• Facebook
  • Instagram

Low Carb Training For Endurance Athletes





Low carbohydrate doesn't mean "no carbohydrates".


Today I'm going to be talking about how you can potentially manipulate your carbohydrate intake to bring about better performance gains as an endurance athlete.

The premise behind low-carbohydrate training is that it stimulates mitochondrial biogenesis, which is essentially the production of more of your muscles' fuel cells. One of the roles of mitochondria is its ability to convert oxygen to energy. Producing more energy using oxygen has two distinct advantages.


  1. You're not going to produce as much lactate at higher speeds or powers. When you start using carbohydrates as a fuel source, then you're using the glycolytic system. One of the byproducts of breaking down carbohydrates is lactate. As I've discussed before, lactate is not necessarily bad if you can clear it. However, if you're producing a lot at low intensities, this will accumulate more rapidly as intensities increase. An increase in lactate will hinder your ability to sustain these speeds or powers for any considerable amount of time, which will reduce your FTP if you're a cyclist or 10k time if you're a runner.


  1. The other added benefit is that you can use fatty acids as fuel by taking on more oxygen. Utilising more fatty acids may enable you to spare more carbohydrates and help with fat loss. Although this may not be as important for shorter events, we know that fitter athletes tend to have higher fat oxidation rates.


So just cut carbohydrates for most of your training?


No.


The goal of training should still be to perform as best as you can. At Box Nutrition, to help with this, we follow the mantra of "fuel the work required", or matching your carbohydrate needs with the activities that you are doing.


For more demanding sessions, when you're training around your anaerobic/lactate threshold, you're going to need plenty of carbohydrates. At this point, energy will typically be coming from 100% carbohydrates, meaning that you're going to need plenty! Fuelling these sessions correctly (with carbohydrates) will enable you to perform better (exercise harder, faster, further) leading to more adaption, i.e. getting fitter.


So what about low carbohydrate training?


You probably don't have to.

However, you could experiment with some lower carbohydrate sessions.


Easy sessions don't need as much fuel. Simply reducing how much you eat these days from carbohydrates is a pragmatic way to ensure you don't' overeat. Easier workouts will also fall around your aerobic threshold or below, meaning they are unlikely to use many carbohydrates. Again, there's no need to fuel these workouts actively, and instead, the focus should be on overall intake for the day.


Training low


'Train high, sleep low' is a popular protocol where you perform a high-intensity session in the evening to deplete muscle glycogen (stored carbohydrates). Post-workout, you would refrain from eating any carbohydrates before sleeping 'low' (without replenishing glycogen stores). The next morning you would perform an additional low-intensity session after a fast to stimulate mitochondrial biogenesis.

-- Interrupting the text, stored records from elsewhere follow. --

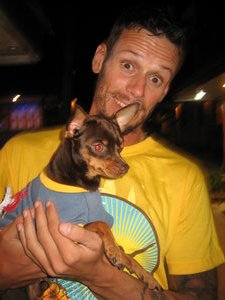 Dale and a mini dog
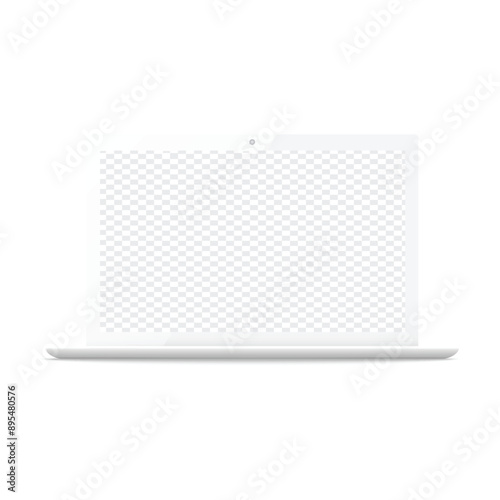 Minimalistic laptop with blank screen, ideal for mockups or presentations. Vector illustration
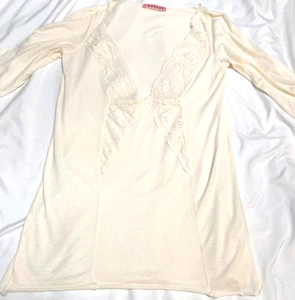 Velvet Graham Spencer Small white Lace V Neck long sleeve boho pullover top - Picture 1 of 9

Some issues with training low include reducing the quality of the training, an increase in perceived effort and a reduction in performance. Caffeine and a carbohydrate mouth rinse (literally swilling a carb drink around your mouth) can help fatigue and perception of effort. This type of strategy may also increase the risk of injury and illness from overreaching.


To sum up


This low carb approach is not a magic strategy and should be used with caution. There is an evident impairment of performance under low carb conditions, so these sessions should be carefully considered with the time of day, training load and intensity. Too much too soon will only hinder performance and have a detrimental effect on your training.

One must also remember that the most significant factor in improved performance is better training, not adjusting your carbohydrates. Restricting carbohydrates too much and affecting your sessions' quality will have a more substantial, negative impact on your training and performance. So fuel wisely.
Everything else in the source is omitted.